At the other end of the spectrum some interesting news has come out of one of the big hitters in social housing. Sanctuary, the 95,000 property behemoth has published its financial statement for 2013/14. Apart from the usual utterly tedious and dry figures is the admission that the housing association’s debt to asset ratio, I believe the technical term is ‘gearing’, stands at 95%*. To someone who has very little knowledge around all things finance that is sodding huge. Though I do concede that it is ability to service debt that is the key issue here, something that does not seem to be in any doubt. Of greater interest to me is the reason for the increase. Inside Housing have cited the landlord going to the private sector to fund its development programme as the prime cause for the high gearing. This is unsurprising due to the massive drop off in capital grant available for building new homes. If central government ain’t good for it, and you want to build it, you gotta go private. That means borrowing against what you own. In the future it is plausible that a number of the bigger organisations follow suit. Particularly as they largely shunned the last round of funding, much to Brandon Lewis’s delight.
It will be interesting to see how the sector will realign its financing. For me mortgaging yourself up to the hilt is only manageable for the short term You may manage to create some self-fulfilling growth but it is a potentially risky, almost reckless approach. Fundamentally you can be creative as you like but to have truly affordable (i.e. social) housing you need central government grant or at least access to cheap credit somewhere in the mix. You can make grant funding go further with additional private finance, something we have done as a sector since the 1980s. You can be more efficient at what you do and the way in which you provide your services, something we don’t always manage. But you need some of that good old home brewed capital grant to make the figures stack in the long run.

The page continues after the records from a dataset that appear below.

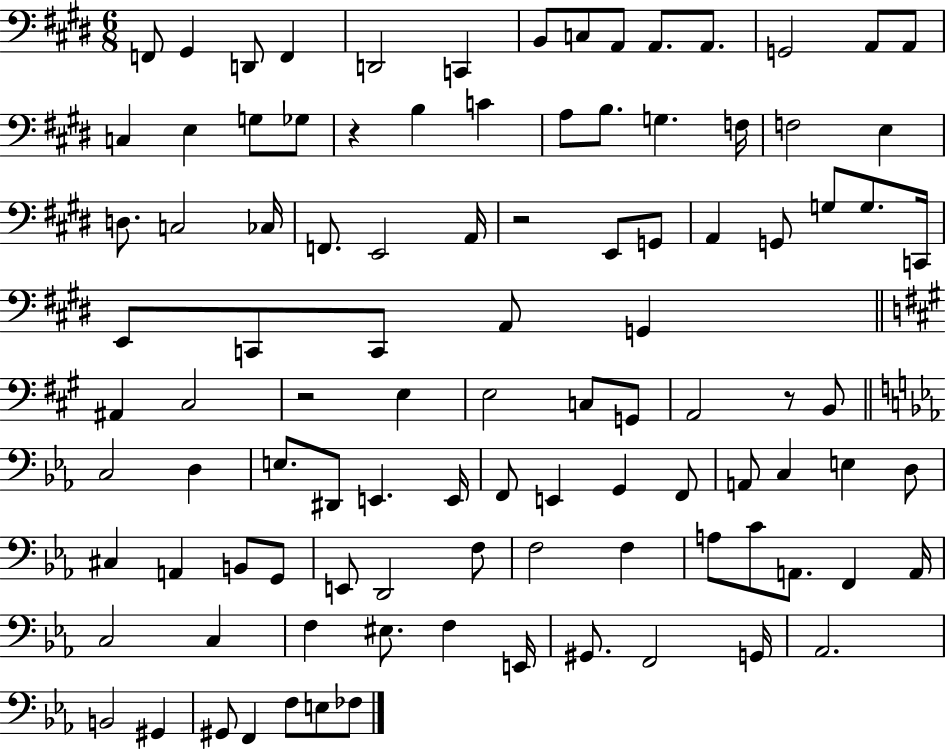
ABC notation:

X:1
T:Untitled
M:6/8
L:1/4
K:E
F,,/2 ^G,, D,,/2 F,, D,,2 C,, B,,/2 C,/2 A,,/2 A,,/2 A,,/2 G,,2 A,,/2 A,,/2 C, E, G,/2 _G,/2 z B, C A,/2 B,/2 G, F,/4 F,2 E, D,/2 C,2 _C,/4 F,,/2 E,,2 A,,/4 z2 E,,/2 G,,/2 A,, G,,/2 G,/2 G,/2 C,,/4 E,,/2 C,,/2 C,,/2 A,,/2 G,, ^A,, ^C,2 z2 E, E,2 C,/2 G,,/2 A,,2 z/2 B,,/2 C,2 D, E,/2 ^D,,/2 E,, E,,/4 F,,/2 E,, G,, F,,/2 A,,/2 C, E, D,/2 ^C, A,, B,,/2 G,,/2 E,,/2 D,,2 F,/2 F,2 F, A,/2 C/2 A,,/2 F,, A,,/4 C,2 C, F, ^E,/2 F, E,,/4 ^G,,/2 F,,2 G,,/4 _A,,2 B,,2 ^G,, ^G,,/2 F,, F,/2 E,/2 _F,/2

Ultimately one must find that Goldilocks moment (don’t worry I was always going to fit it in), where the risks are not too great/hot, or the rewards too cold (sorry), and the means to achieve your ambitions all fit (just right). Yes we should never accept the mediocre, and certainly mustn’t throw the towel in over fighting against the reduce level of funding. But we also need to balance what we can achieve with the means at our disposal. Otherwise you might just find the HCA knocking on your door.
*Correction 15/10/14 Reliable sources have stated this figure could be nearer 85%.